START Supplied material
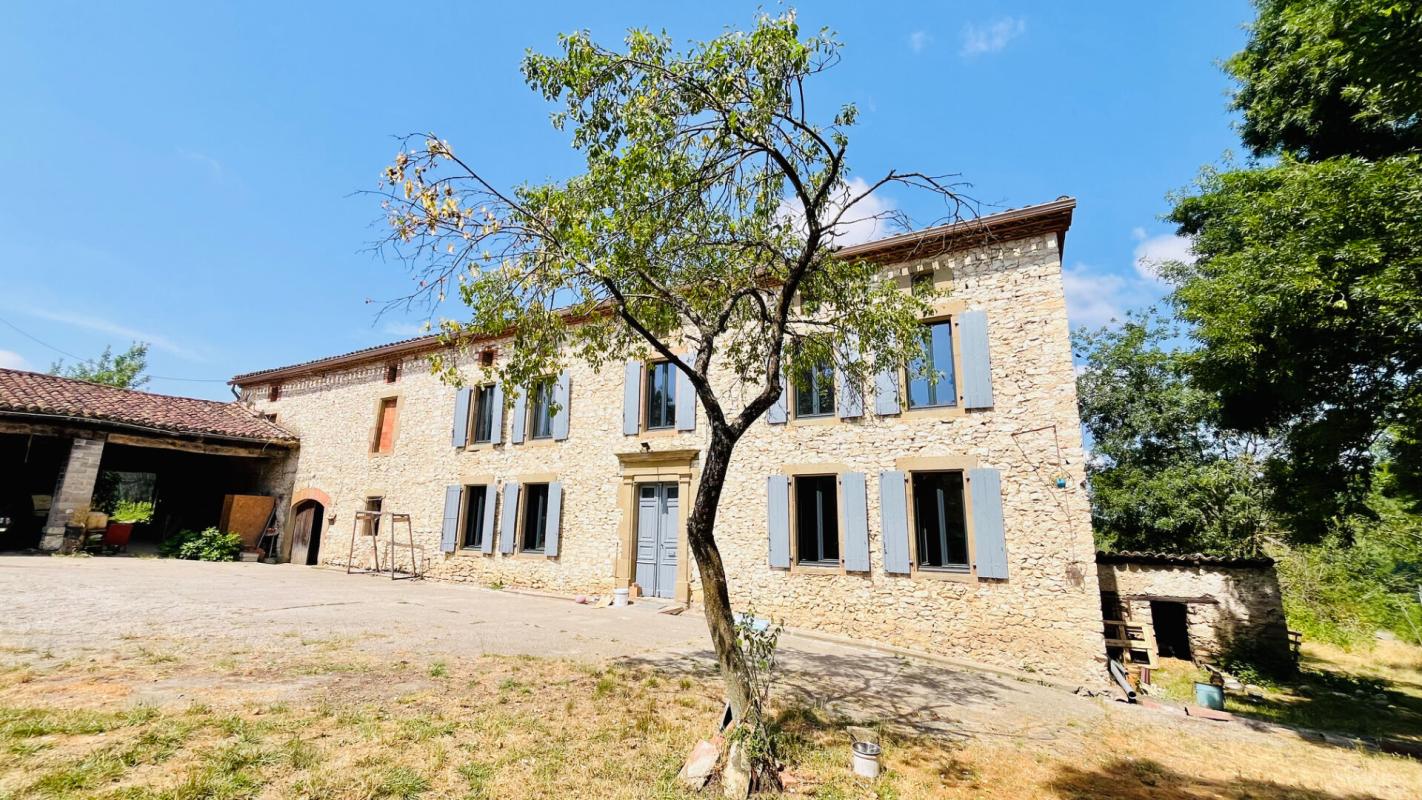 LABASTIDE-GABAUSSE Corps de ferme 7 pièce(s) 340 m2 1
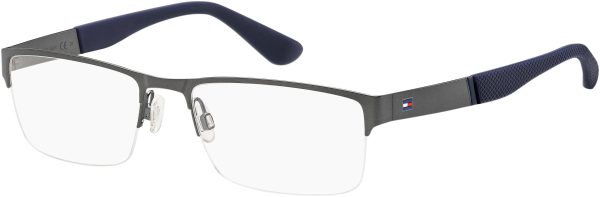 Tommy Hilfiger T. Hilfiger 1524 Rectangular Eyeglasses For Man Online - Image 3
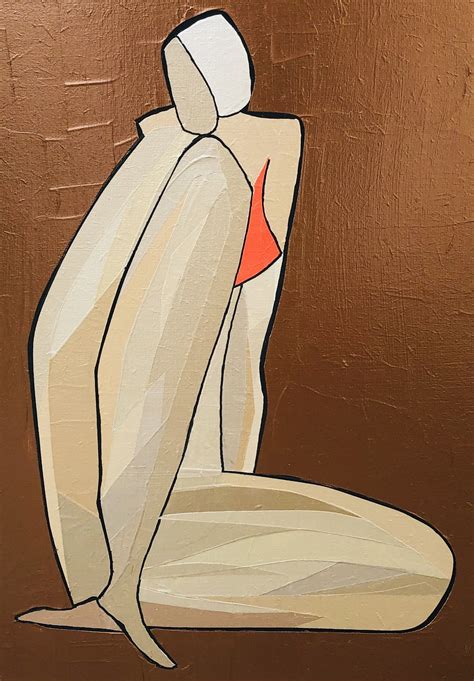 Nude Art II By Alexandre Moore Rockefeller Painting Artsper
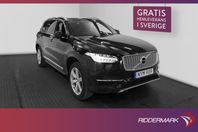 Volvo XC90 T8 TwEn AWD Inscription 7-Sits VOC Pano Kamera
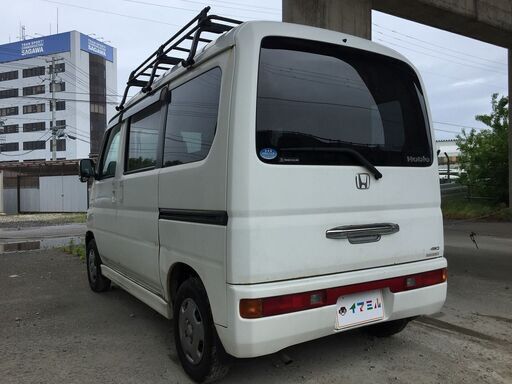コミコミ価格】軽バンホンダバモス ホビオ プロタイベル交換済み
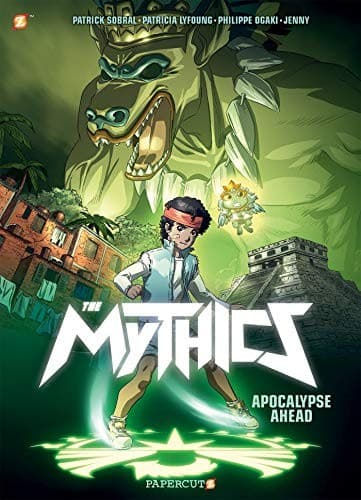 Tapa de The Mythics #2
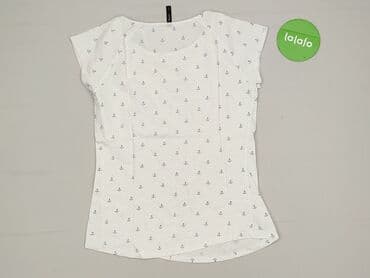 bytom biala koszula: Sinsay, T-shirt damski, rozmiar S — 3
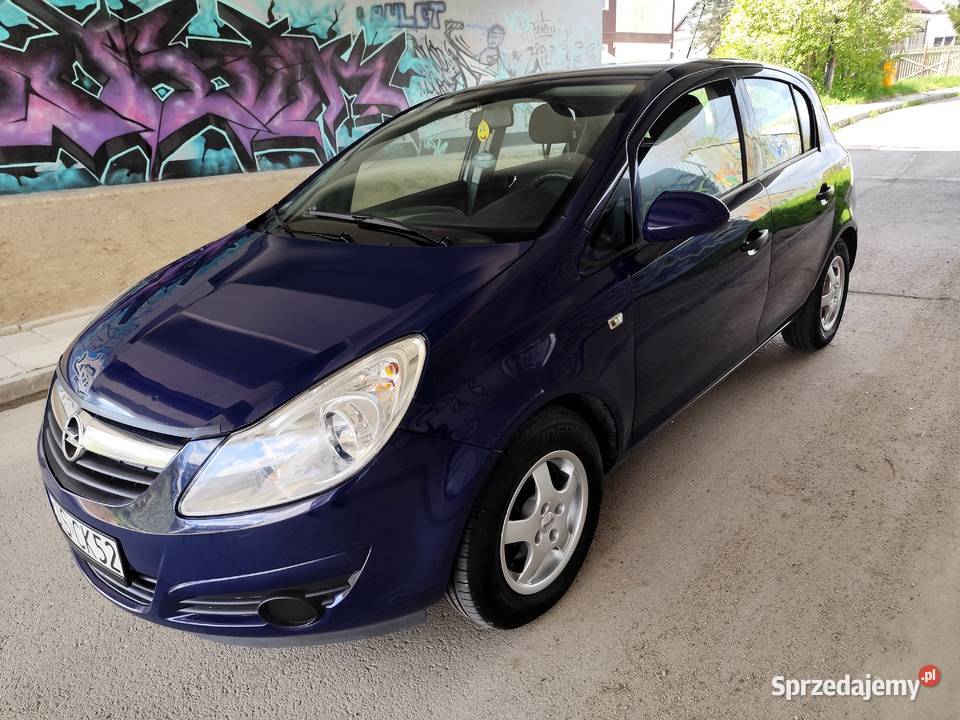 Opel Corsa D 12 2009 Zadbana Corsa Jasło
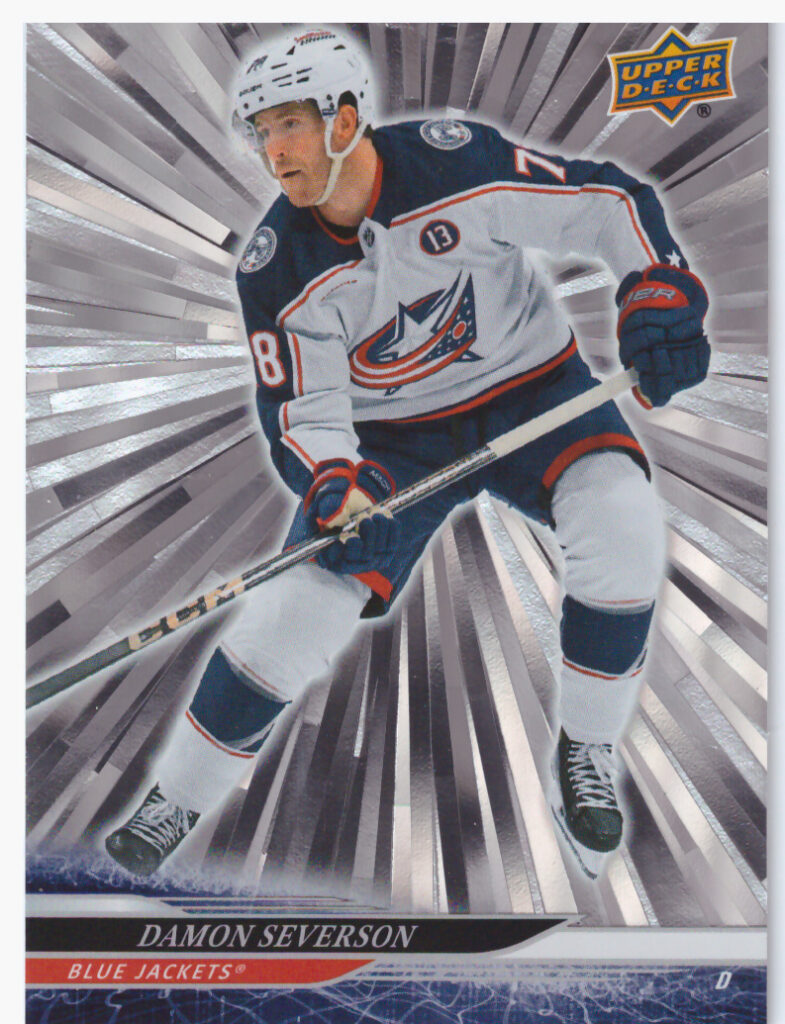 2024/25 UD Extended – D.Severson Cbs 539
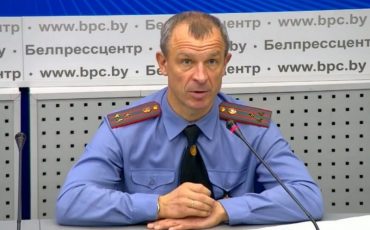 Начальник Департамента по гражданству и миграции МВД Алексей Бегун / Фото: REFORM.by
END Supplied material
→ Work item
Every line from the one with "bytom biala koszula: Sinsay, T-shirt" through the end of the records above belongs in the answer, copied exactly; no picture does.

→ Task solution
 bytom biala koszula: Sinsay, T-shirt damski, rozmiar S — 3
 Opel Corsa D 12 2009 Zadbana Corsa Jasło
 2024/25 UD Extended – D.Severson Cbs 539
 Начальник Департамента по гражданству и миграции МВД Алексей Бегун / Фото: REFORM.by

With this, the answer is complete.